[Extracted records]
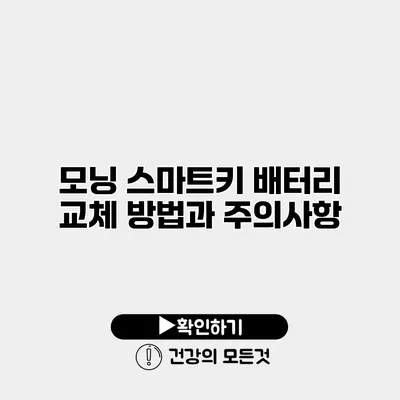 모닝 스마트키 배터리 교체 방법과 주의사항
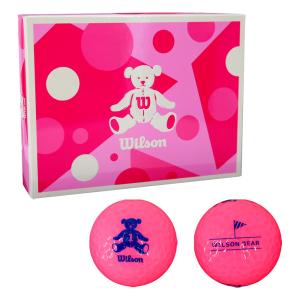 ウイルソン（Wilson） 【レディース】WILSON BEAR4 ボール ピンク（37335） 1ダース｜nikigolf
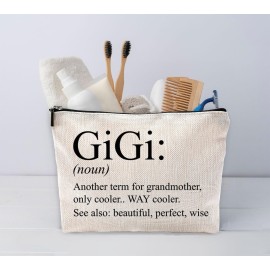 Sufamb Gigi Gifts for Grandma,Grandma Makeup Bag,Gigi Gifts,Gigi Mother\'s Day Gifts,Grandma Gifts,Grandma Gifts from Grandchildren,Grandma Birthday Gifts,Gigi Small Cosmetic Makeup Bag for Purse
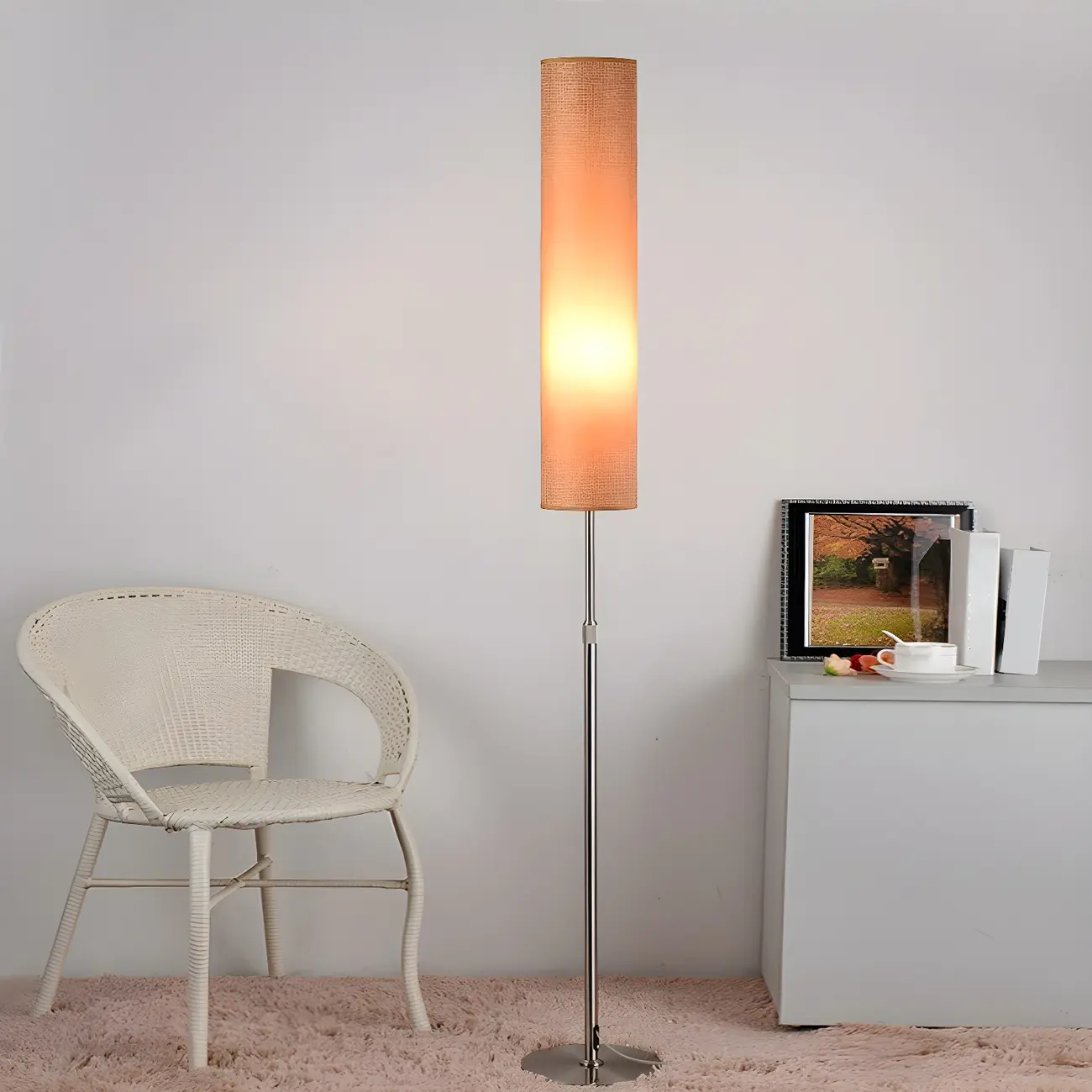 Modern Geometric Floor Lamp with Adjustable Height Image - 7 | homeyfad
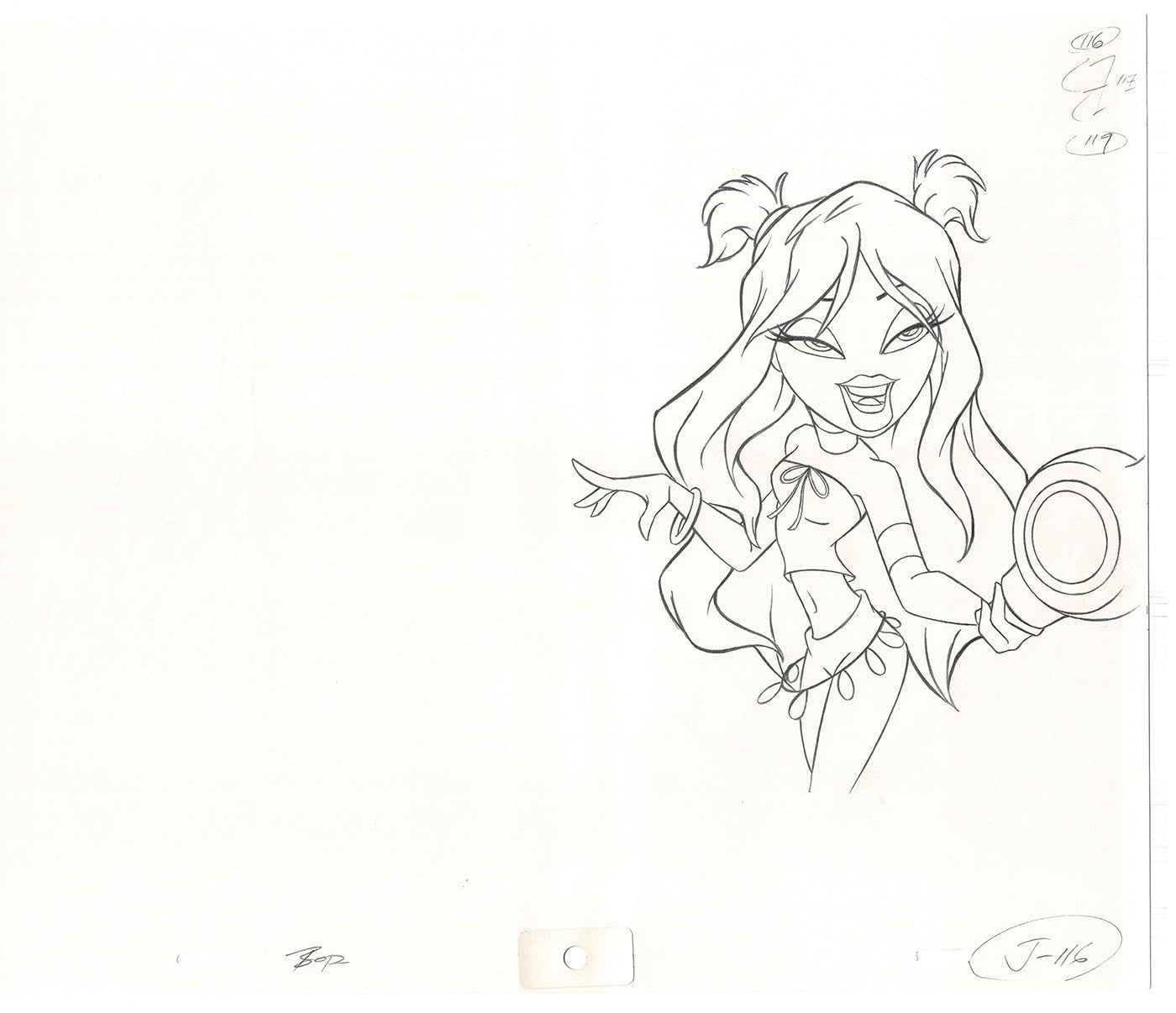 BRATZ Jade Bop-It Toy Commercial Production Animation Cel Drawing 2005 J-041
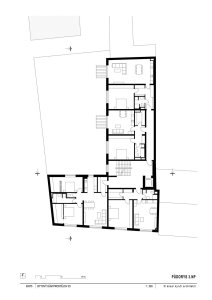 Bytový dům Prostějov, knesl kynčl architekti - půdorys 3.N.P.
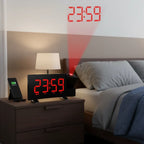 Radio Réveil Projecteur Rouge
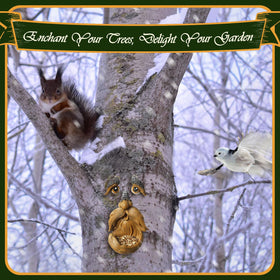 XIOQINE glow in the dark eyes add nighttime charm to trees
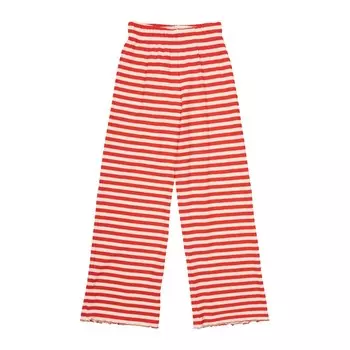 Брюки широкие в рубчик THE NEW "Moore Poppy Red Striped ", красные полоски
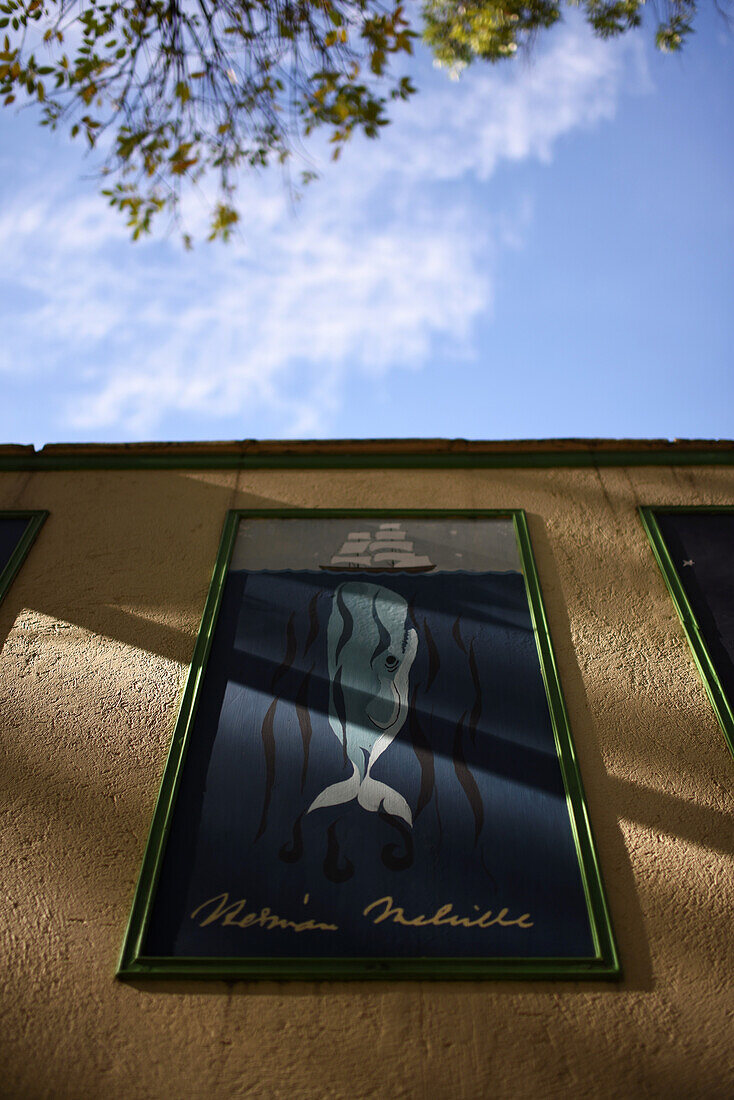 Literature related artwork on the walls of El Poblado, Medellin, Colombia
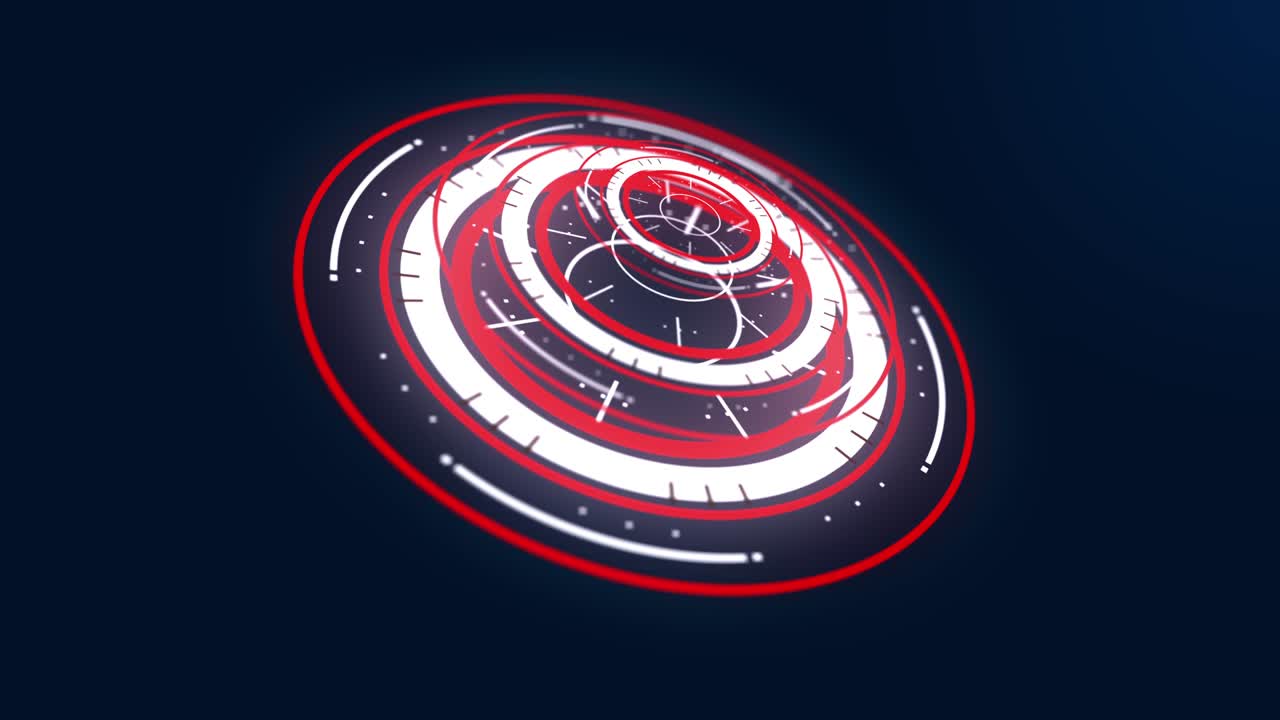 퓨처리스틱 gui: 원의 집합, 추상적인 디지털 기술, 퓨처리즘 gui: 가상 인터페이스 요소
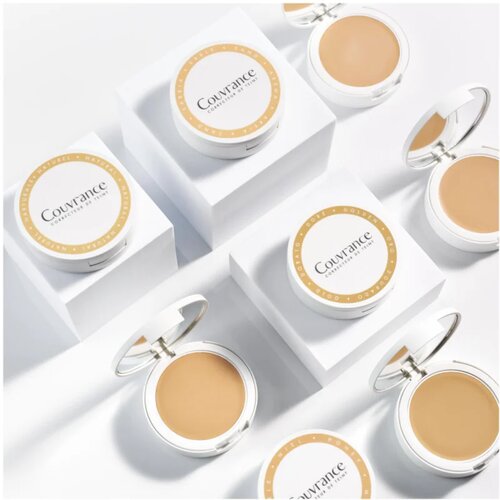 Av&amp;egrave;ne Couvrance Compact Cream Foundation kremasti tekoči puder z visoko UV za&amp;scaron;čito odtenek Naturel 8,5 g Slike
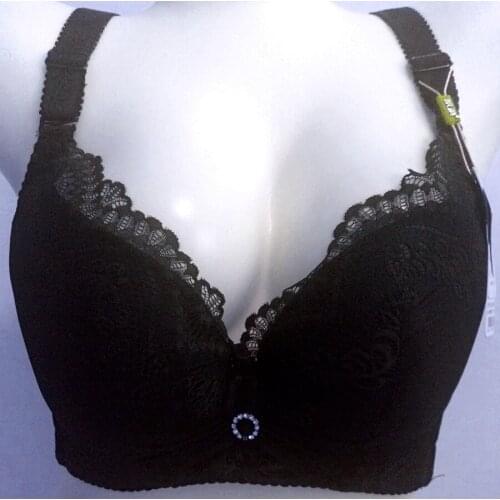 D.N goddess C D E Cup Lace Push Up Bra Comfy Women Underwire Brassiere Full Coverage Underwear Non padded Plus Size Brassiere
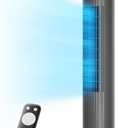 PELONIS 30-Inch Oscillating Tower Fan for Bedroom 3 Speed, 37dB Quiet Tower Fan with Remote Control and 7-Hour Timer ETL Certified, Grey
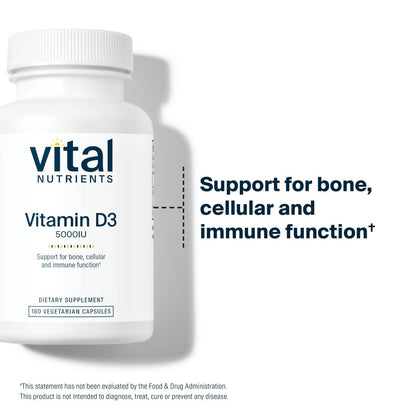 Suplemento vitamina d3 Vital Nutrients envase frontal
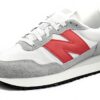 New Balance 237 Sneaker Uomo Grigio Pelle Camoscio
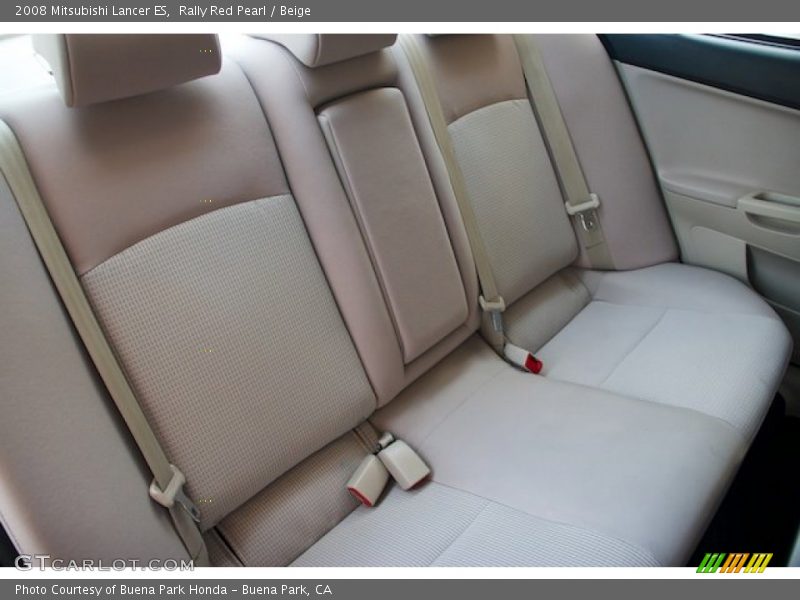 Rally Red Pearl / Beige 2008 Mitsubishi Lancer ES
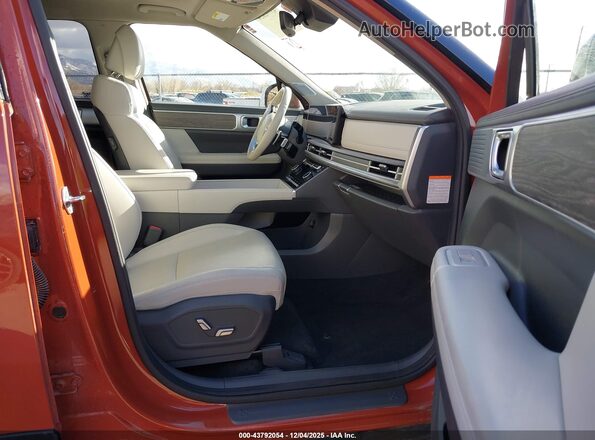5NMP3DG14RH009695 2024 HYUNDAI SANTA FE HYBRID Orange Widok wnętrza z przodu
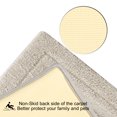 thumbnail image 3 of PiccoCasa Memory Cotton Bath Kitchen  Bathroom  Mat Pad Carpet Rug Doormat 2 in 1 Khaki, 3 of 9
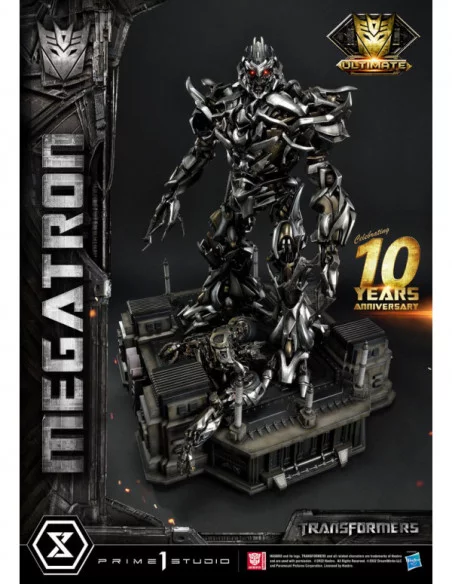 Transformers Estatua Museum Masterline Megatron Ultimate Bonus Version 84 cm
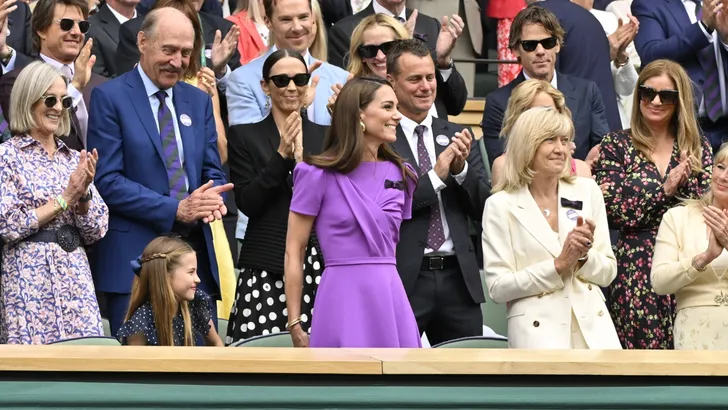 Prinses Kate verschijnt in prachtige outfit op Wimbledon 2024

Task goal: Although the records above contain pictures, the copy should not; retype exactly the lines from the one containing "Literature related artwork" through the one containing "New Balance 237".

Completed exercise:
 Literature related artwork on the walls of El Poblado, Medellin, Colombia
 퓨처리스틱 gui: 원의 집합, 추상적인 디지털 기술, 퓨처리즘 gui: 가상 인터페이스 요소
 Av&amp;egrave;ne Couvrance Compact Cream Foundation kremasti tekoči puder z visoko UV za&amp;scaron;čito odtenek Naturel 8,5 g Slike
 D.N goddess C D E Cup Lace Push Up Bra Comfy Women Underwire Brassiere Full Coverage Underwear Non padded Plus Size Brassiere
 PELONIS 30-Inch Oscillating Tower Fan for Bedroom 3 Speed, 37dB Quiet Tower Fan with Remote Control and 7-Hour Timer ETL Certified, Grey
 Suplemento vitamina d3 Vital Nutrients envase frontal
 New Balance 237 Sneaker Uomo Grigio Pelle Camoscio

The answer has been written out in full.